In the past years, I always read authors that I knew from my friends, family, or from newspapers. However, even though the author is not a best seller, it can still be an amazing book. Nonetheless, I found this book while reading a magazine at my local library. It was recommended for a summer lecture. The synopsis really got me to borrow the book and read it. There is the synopsis I am talking about:
Five days. Four hikers. Three survivors. From Lori Lansens, author of the national bestsellers Rush Home Road, The Girls and The Wife’s Tale comes to a gripping tale of adventure, sacrifice, and survival in the unforgiving wilderness of a legendary mountain.
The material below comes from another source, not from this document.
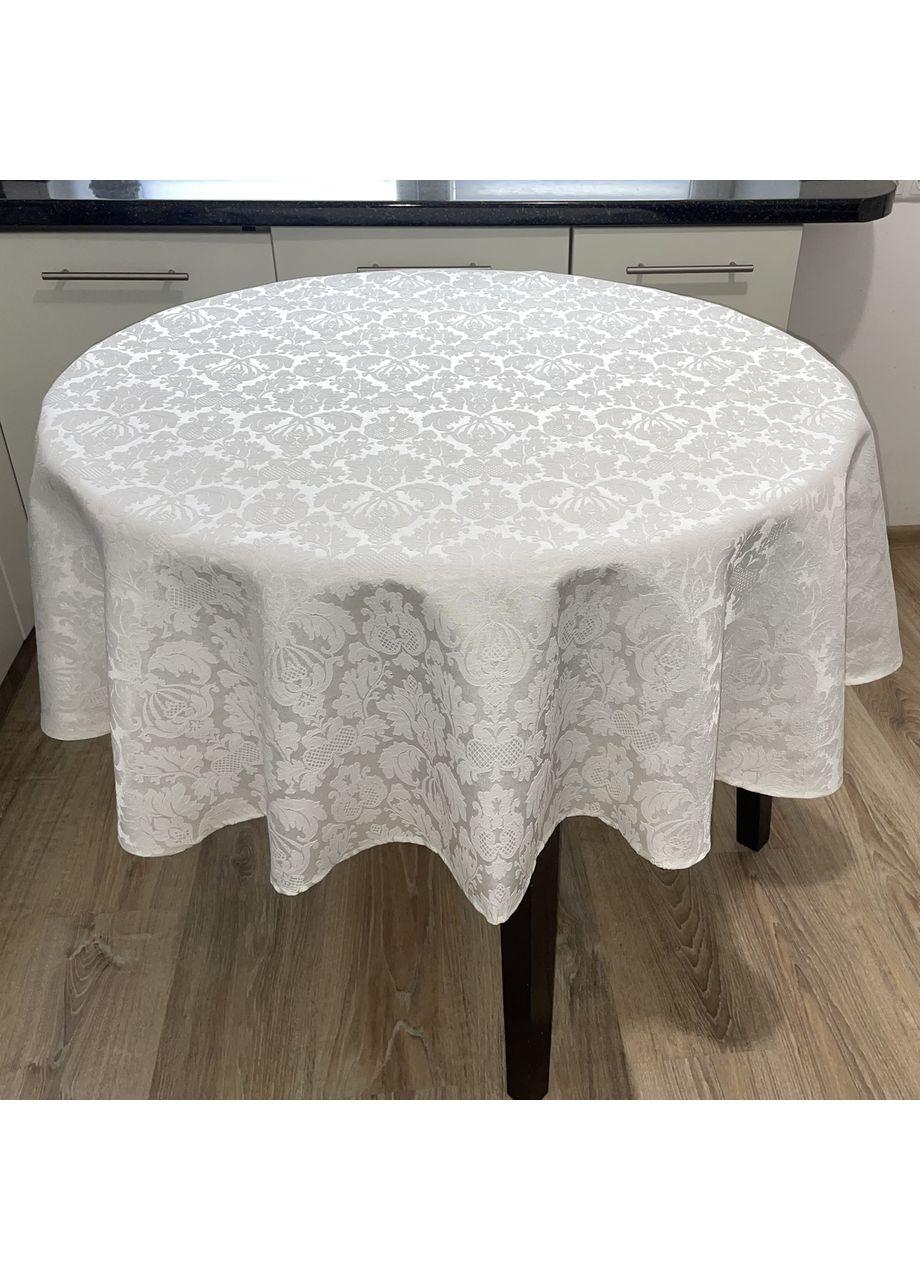 Скатертина для круглого столу водовідштовхувальна з тефлоновим покриттям молочна однотонна жакардова 120 Maystat (369505119)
On his 18th birthday, Wolf Truly takes the tramway to the top of the mountain that looms over Palm Springs, intending to jump to his death. Instead, he encounters strangers wandering in the mountain wilderness, three women who will change the course of his life. Through a series of missteps he and the women wind up stranded, in view of the city below, but without a way down. They endure five days in freezing temperatures without food or water or shelter and somehow find the courage to carry on.
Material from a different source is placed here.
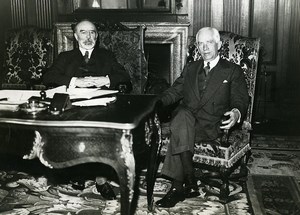 Paris Politicians Louis Barthou & Norman Davis Old Meurisse Photo 1930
Wolf, now a grown man, has never told his son, or anyone, what happened on the mountain during those five days, but he can’t put it off any longer. And in telling the story to his only child, Daniel, he, at last, explores the nature of the ties that bind and the sacrifices people will make for love. The mountain still has a hold on Wolf, composed of equal parts beauty and terror.
To be honest I did not finish the book all the way cause hiking stories are not really my favorite. Nonetheless, It could please an outdoor passionate and somebody who loves stories about people who get lost in the forest and everything. According to the Toronto Star, “The hero of this narrative is himself reborn emotionally over the course of his ghastly ordeal on San Jacinto Mountain. For a guy once on a mission to end it all, Wolf Truly morphs into a man with a passion for life, soon to become the father of the son for whom this engrossing saga of renewal and redemption is written. With The Mountain Story, Lori Lansens has written an epic work suffused with raw emotional power and resonance.” The book had some good criticisms, but it is definitely not my type.